The Bureau does not have the time or resources to price every good or service in every retail outlet in every urban area of the country. Therefore, a scientifically selected sample must be used to make the CPI representative of the prices paid for all goods and services purchased by consumers in all urban areas. In fact, the CPI is developed from a series of interrelated samples. These include a Consumer Expenditure Survey from a national sample of almost 29,000 families, which provides detailed information on spending habits. Thus BLS constructs the CPI market basket of goods and services and assigns each item a weight or importance based on total family expenditures. Another national sample of about 24,000 families serves as a point-of-purchase survey, which identifies the places where households purchase various types of goods and services. Finally, BLS uses current Census of Population data to select the urban areas where prices are collected and determine the housing units that are eligible for use in the shelter component of the CPI.
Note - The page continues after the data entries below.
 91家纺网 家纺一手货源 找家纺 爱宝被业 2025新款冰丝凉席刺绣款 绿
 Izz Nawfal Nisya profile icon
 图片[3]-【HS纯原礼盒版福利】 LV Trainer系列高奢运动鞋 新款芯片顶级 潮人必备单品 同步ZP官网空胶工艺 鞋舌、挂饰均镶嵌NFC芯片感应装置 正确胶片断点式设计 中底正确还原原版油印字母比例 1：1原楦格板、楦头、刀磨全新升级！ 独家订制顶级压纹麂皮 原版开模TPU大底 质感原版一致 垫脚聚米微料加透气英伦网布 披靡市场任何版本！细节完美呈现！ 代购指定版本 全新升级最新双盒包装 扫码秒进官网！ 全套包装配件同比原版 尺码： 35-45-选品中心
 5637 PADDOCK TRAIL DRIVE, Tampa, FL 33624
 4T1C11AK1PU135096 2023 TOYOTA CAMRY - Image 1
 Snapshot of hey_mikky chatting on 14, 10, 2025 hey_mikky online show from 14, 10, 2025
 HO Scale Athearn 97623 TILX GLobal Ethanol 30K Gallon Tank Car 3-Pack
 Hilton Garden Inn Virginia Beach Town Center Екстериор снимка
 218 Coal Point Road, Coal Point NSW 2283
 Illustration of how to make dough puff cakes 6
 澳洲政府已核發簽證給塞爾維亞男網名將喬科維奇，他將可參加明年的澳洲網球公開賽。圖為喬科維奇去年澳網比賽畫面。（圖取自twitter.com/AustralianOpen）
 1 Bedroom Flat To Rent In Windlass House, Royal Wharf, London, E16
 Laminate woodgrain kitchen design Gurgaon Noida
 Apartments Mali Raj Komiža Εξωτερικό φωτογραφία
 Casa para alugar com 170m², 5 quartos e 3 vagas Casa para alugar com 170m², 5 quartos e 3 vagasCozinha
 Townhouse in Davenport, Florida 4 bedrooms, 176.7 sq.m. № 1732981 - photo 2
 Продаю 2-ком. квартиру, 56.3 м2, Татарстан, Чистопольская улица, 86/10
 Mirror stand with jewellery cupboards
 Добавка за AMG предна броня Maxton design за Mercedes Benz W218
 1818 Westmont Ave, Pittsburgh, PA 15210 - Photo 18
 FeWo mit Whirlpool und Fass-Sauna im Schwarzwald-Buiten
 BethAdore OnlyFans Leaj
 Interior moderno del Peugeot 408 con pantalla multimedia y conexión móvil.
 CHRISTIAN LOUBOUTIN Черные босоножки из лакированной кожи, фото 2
Clearly, extensive research and preparation pave the way for the field representatives' visits to collect price information. Once the information has been collected, it is immediately transmitted to Washington, D.C. for processing. The information is keypunched, and computer-generated listings of data that are outside the bounds of BLS expectations are distributed to BLS commodity specialists who have detailed knowledge about the goods or services priced. Data are checked for accuracy and consistency and corrected or adjusted if necessary. Next, computer programs calculate weighted changes in prices for the different components and areas. After further review by commodity analysts, other computer programs aggregate the data and convert them into indexes that show price changes for each category of items, each local area and the United States. Only then do BLS economists analyze the data and prepare the written reports that are used by other government agencies, the media and the public. The entire process of keying, reviewing, analyzing, and publishing is finished about 20 days after the last data are collected.

While the CPI is still being reported by T.V. and newspapers around the country, BLS field representatives are already hard at work collecting price information for the next month.